Table 3.2 UCLES 1993 GCSE Subject Pair Analyses BOYS
Mean Grade (A) Mean Grade (B) Difference (A-B)
Chemistry 2.647 Biology 2.385 0.262
Chemistry 2.685 Physics 2.371 0.314
Chemistry 2.933 Biology 2.435 0.498
Chemistry 2.485 Physics 2.381 0.104
*Value is positive when examination A is more severely graded than examination B *Value is negative when examination A is less severely graded than examination B
When I communicated with the GCSE examining groups again in 1995/6 they confirmed that subject pair analyses were still used annually in examination comparability studies for internal group use. NEAB alone supplied some of their analyses outcomes, this time for 1995 examinations and with reference to sex groups. The various pairings of the subjects Biology, Chemistry and Physics revealed that there were no apparent differences in severity of grading between these subjects. However, the performances of the two sexes showed that girls were significantly (P < 0.05) more severely graded on Chemistry than Biology but there was no difference in grading for the boys on these two subjects. When Biology and Physics were paired, girls were significantly (P < 0.05) more severely graded on Physics and boys were significantly (P < 0.05) more severely
graded on Biology. Similarly, when Chemistry and Physics were paired, girls were significantly (P < 0.05) more severely graded on Physics and boys were significantly (P < 0.05) more severely graded on Chemistry. Thus the similarity in subject mean grades mask underlying differences in the mean grades of sex sub-groups.
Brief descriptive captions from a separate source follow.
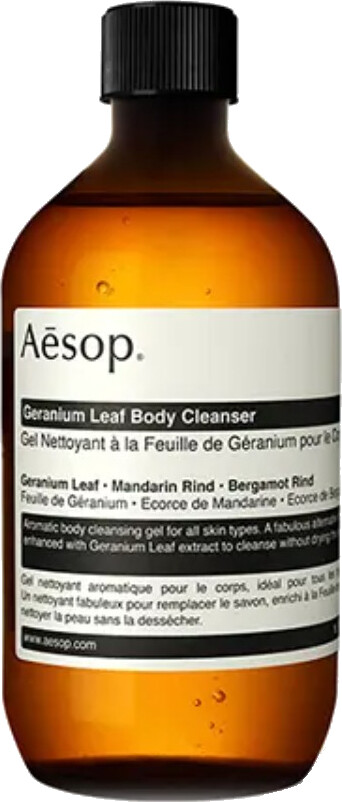 Aesop Osviežujúci telový čistiaci gél Geranium Leaf (Body Cleanser) 500 ml s uzáverom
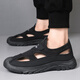Ranao Sandals Herren 2025 Sommer Neue lässige Männerschuhe Mesh atmable Loch Schuhe Fuß Cover Sport Wating Beach Schuhe FH-Diamond S826 Black 41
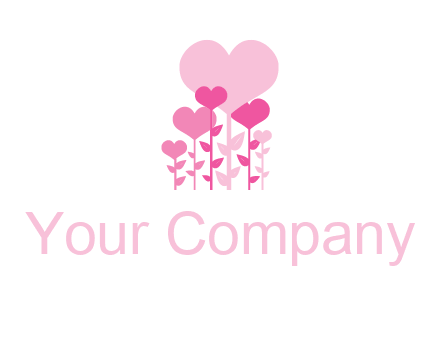 hearts growing on plants logo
These findings further exemplify the limitations of the ‘same student’ methodology in terms o f sub-group effects. In Johnson and Murphy’s (1986) APU research, which unlike subject pair analysis was not based on psychometric theory, sub-group effects were anticipated and indeed, were identified. The effects were considered to be due to the result o f interaction of the sub-group, for example boys and girls, though not necessarily all boys and all girls, with particular aspects of the examination. The assumption then that differences in performance outcomes for boys and girls across subjects reflect differences in grading is challenged as they might reflect differences in boys’ and girls’ views of what is significant in the item or indeed differences in their opportunities to learn - in short, reflecting the social gender mediation of teaching and learning. A combination of demands in assessment artefacts can differentially affect students’ performances and arguably to an extent that reduces the validity of comparing grade outcomes from different examinations taken by the same group of students.
The ‘same student’ treatment may claim to control several variables that affect examination performance, but this claim does not hold in reality. At best, and on condition that the compared examinations are taken, ideally by the entire age cohort, but more realistically within the context of GCSE by very large numbers of students, the ‘same student’ treatment and subject pair analysis is only an indicator of examination comparability.